In the records that follow, skip the pictures and print everything else exactly.
(Task inputs Opens)
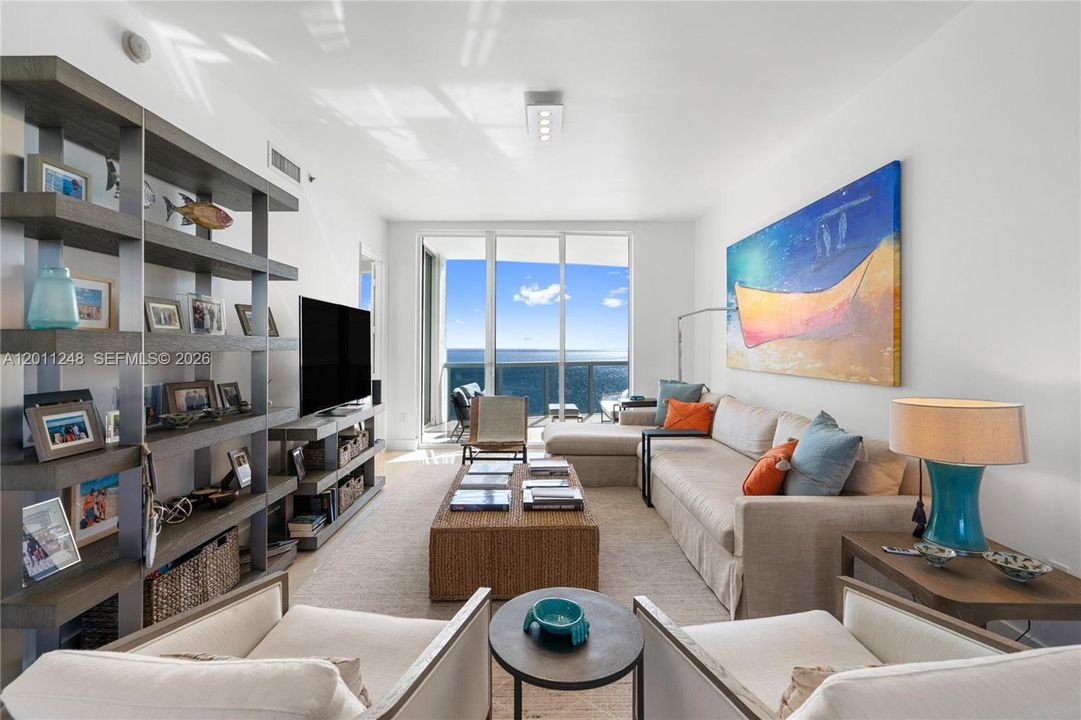 For Sale: $1,999,990 (3 beds, 3 baths, 2327 Square Feet)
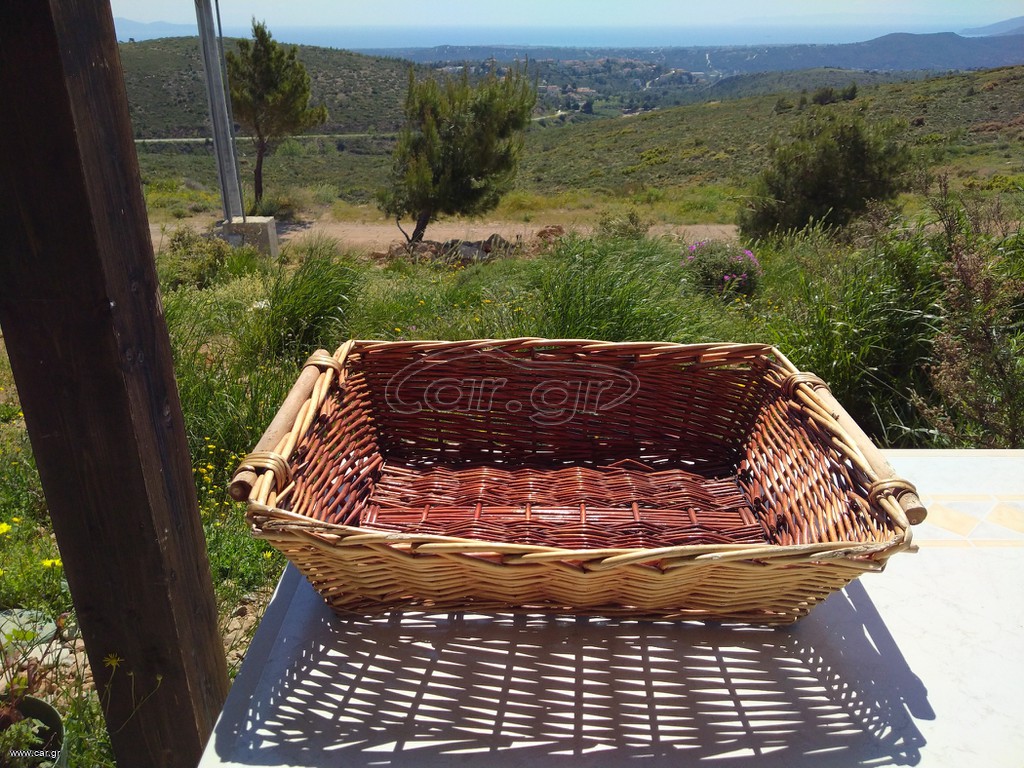 Έξι ψάθινα καλάθια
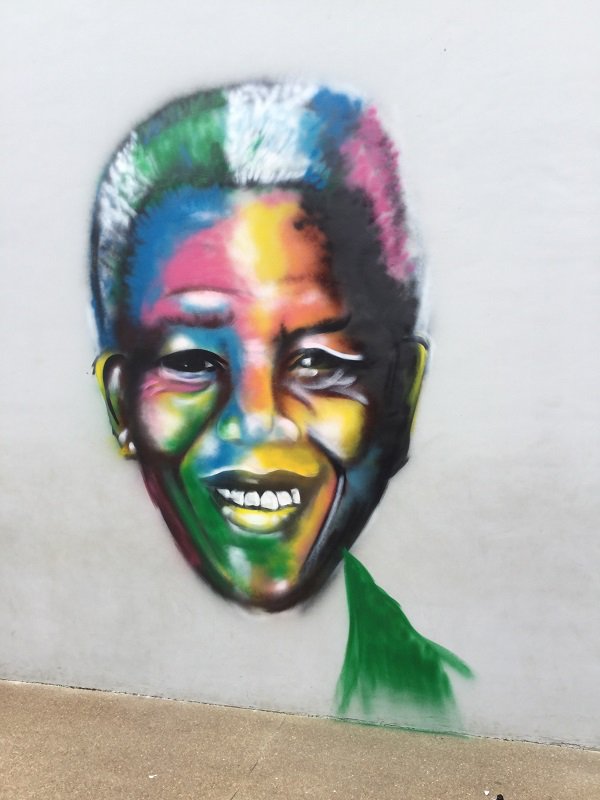 CE2_lfl's tweet photo. @EMCpartageons #PEAC #Paix / #Démocratie à @CDG_Togo : Mandela et Gandhi arc-en-ciel sur le mur de l'école. A finir la semaine prochaine! https://t.co/jsqx6EFVcT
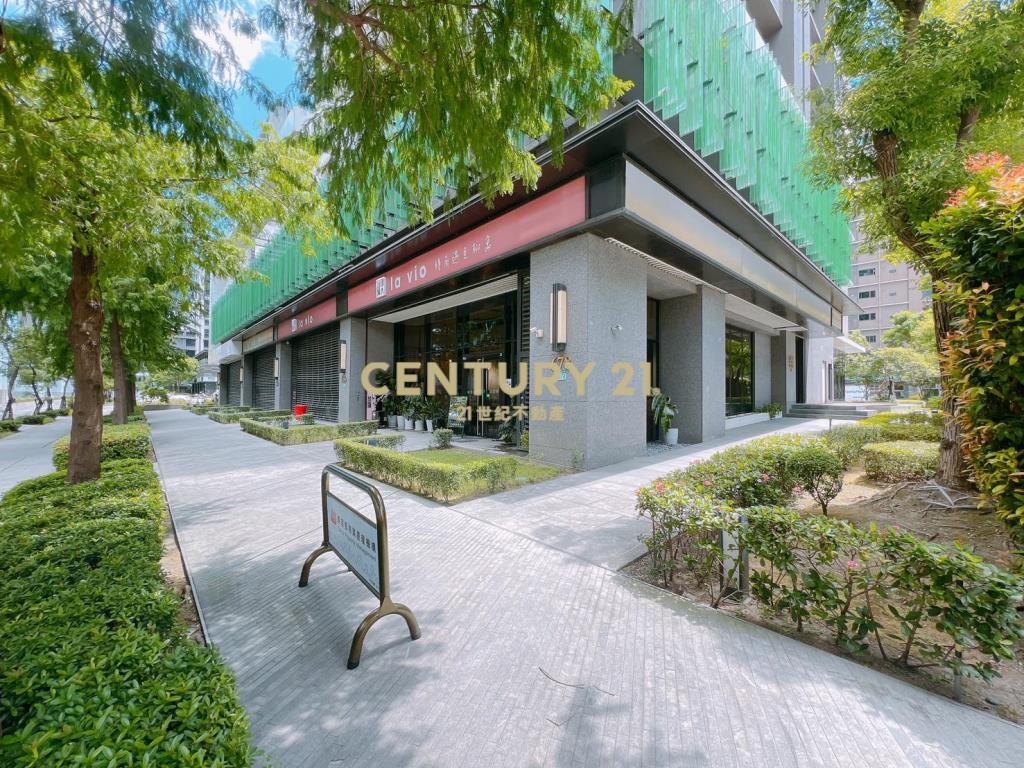 兆之丘三角窗店面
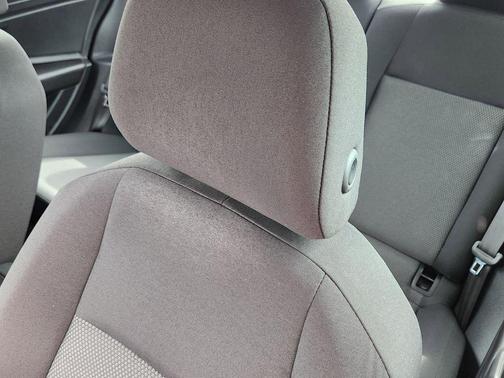 Platinum Gray Metallic 2019 Volkswagen Jetta 1.4T S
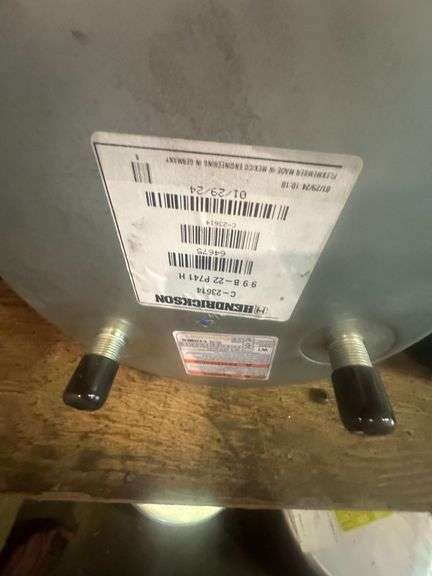(8x) Assorted Air Springs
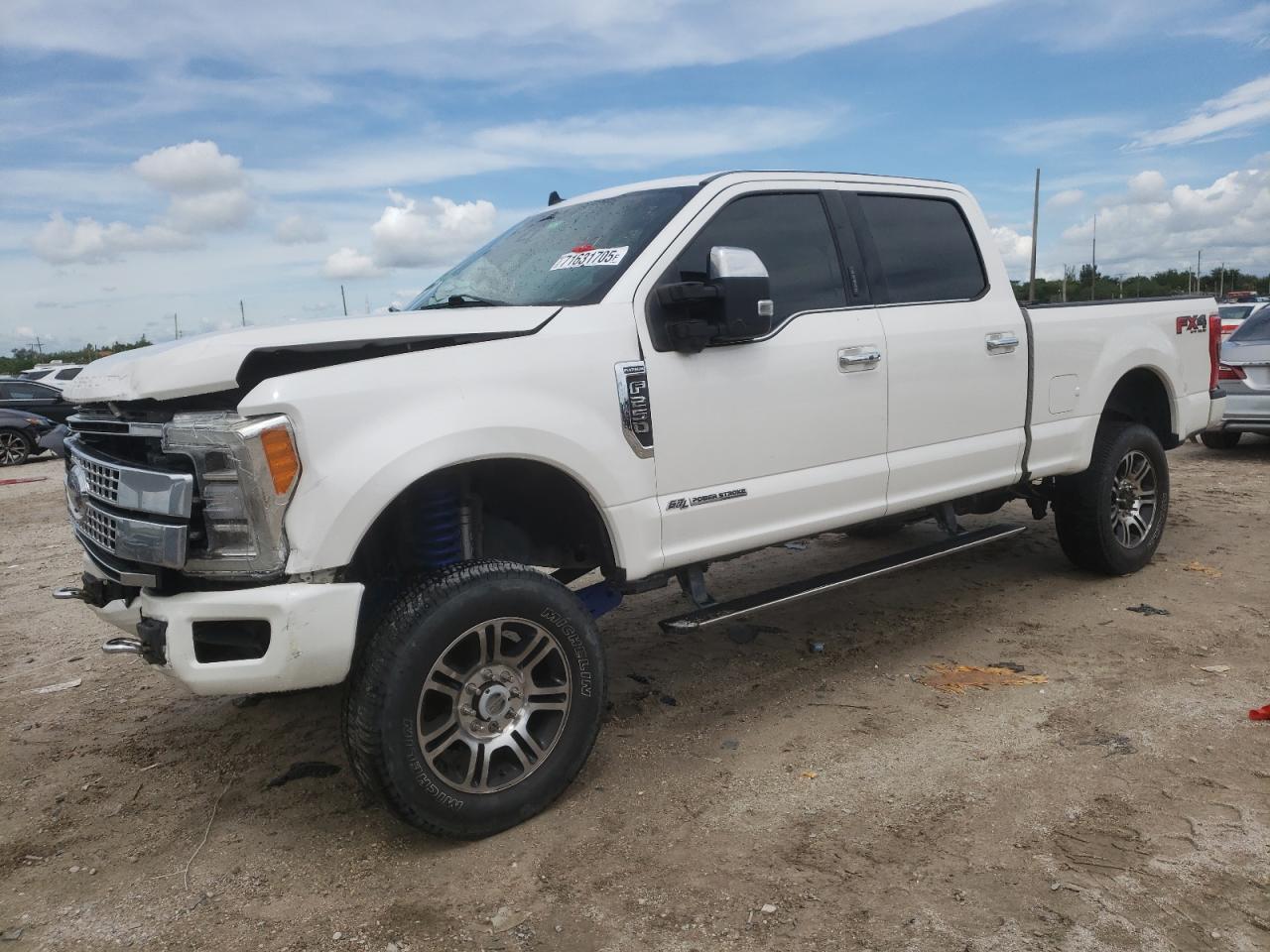 Salvage Ford F-250 Image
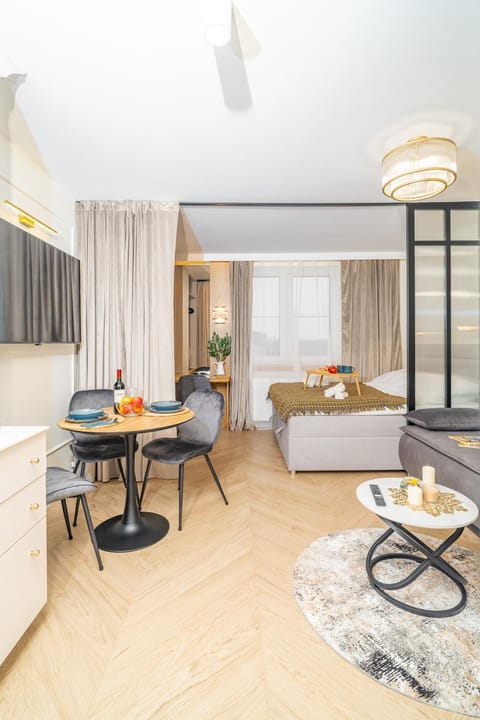 Bed, TV and multimedia, Living room, Photo of the whole room, Seating area, Dining area, Bedroom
(Task inputs Closes)
» Expected output
 For Sale: $1,999,990 (3 beds, 3 baths, 2327 Square Feet)
 Έξι ψάθινα καλάθια
 CE2_lfl's tweet photo. @EMCpartageons #PEAC #Paix / #Démocratie à @CDG_Togo : Mandela et Gandhi arc-en-ciel sur le mur de l'école. A finir la semaine prochaine! https://t.co/jsqx6EFVcT
 兆之丘三角窗店面
 Platinum Gray Metallic 2019 Volkswagen Jetta 1.4T S
(8x) Assorted Air Springs
 Salvage Ford F-250 Image
 Bed, TV and multimedia, Living room, Photo of the whole room, Seating area, Dining area, Bedroom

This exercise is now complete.